- Hillcrest
- Interactive map of Hillcrest
- Coordinates: 41°03′47″S 145°53′42″E﻿ / ﻿41.063°S 145.895°E
- Country: Australia
- State: Tasmania
- Region: North-west and west
- City: Burnie
- LGA: City of Burnie;
- Location: 2 km (1.2 mi) SW of Burnie;

Government
- • State electorate: Braddon;
- • Federal division: Braddon;

Population
- • Total: 1,088 (2021 census)
- Postcode: 7320
Suburbs around Hillcrest
| Park Grove | Montello | Burnie |
| Shorewell Park | Hillcrest | Upper Burnie |
| Shorewell Park | Acton | Upper Burnie |

= Hillcrest, Tasmania =

Hillcrest is a residential locality in Tasmania, Australia about 2 km south-west of Burnie. As at the 2021 census it a population of 1,088.

The Sampson Street Reserve is 2.3ha of public open space.

There is a shopping complex which includes a cafe and takeaway.

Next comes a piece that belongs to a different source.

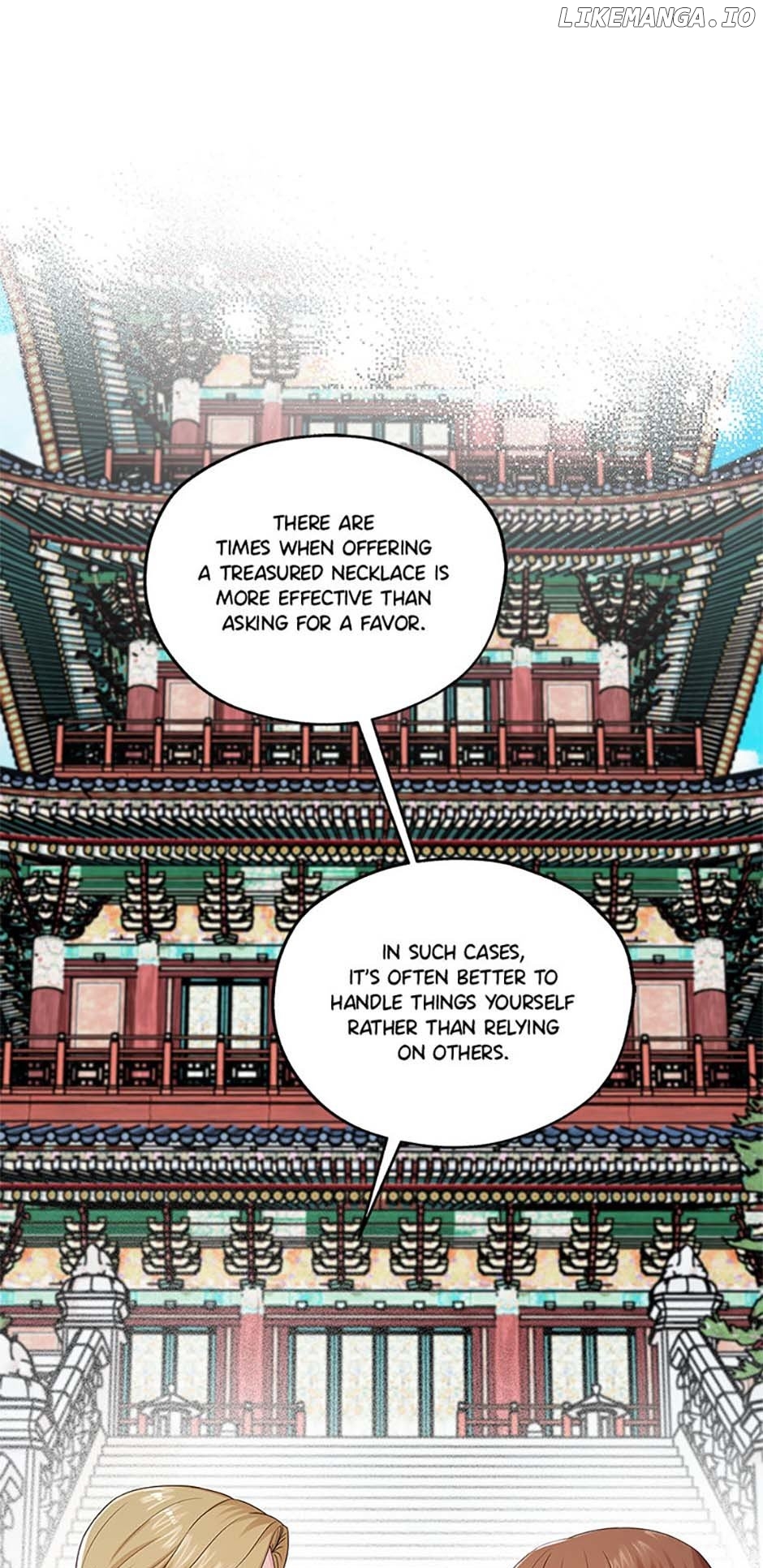 Avoiding the Heavenly Emperor Chapter 109 - page 55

Hillcrest includes part of the Terrylands estate, which was developed from around 1949 by the Agricultural Bank. The rest is located in Montello. Terrylands is sometimes used informally as a suburb, but is not officially gazetted.

==History==
Hillcrest was gazetted as a locality in 1966.

==Geography==
Shorewell Creek forms most of the western boundary.

==Road infrastructure==
Route A2 (Bass Highway) passes to the north-east. From there, various streets provide access to the locality.

==Sport==
The Burnie Aquatic Centre, with indoor and outdoor swimming pools, is located in Hillcrest. The Burnie Judo Club trains at the facilities owned by the Burnie PCYC.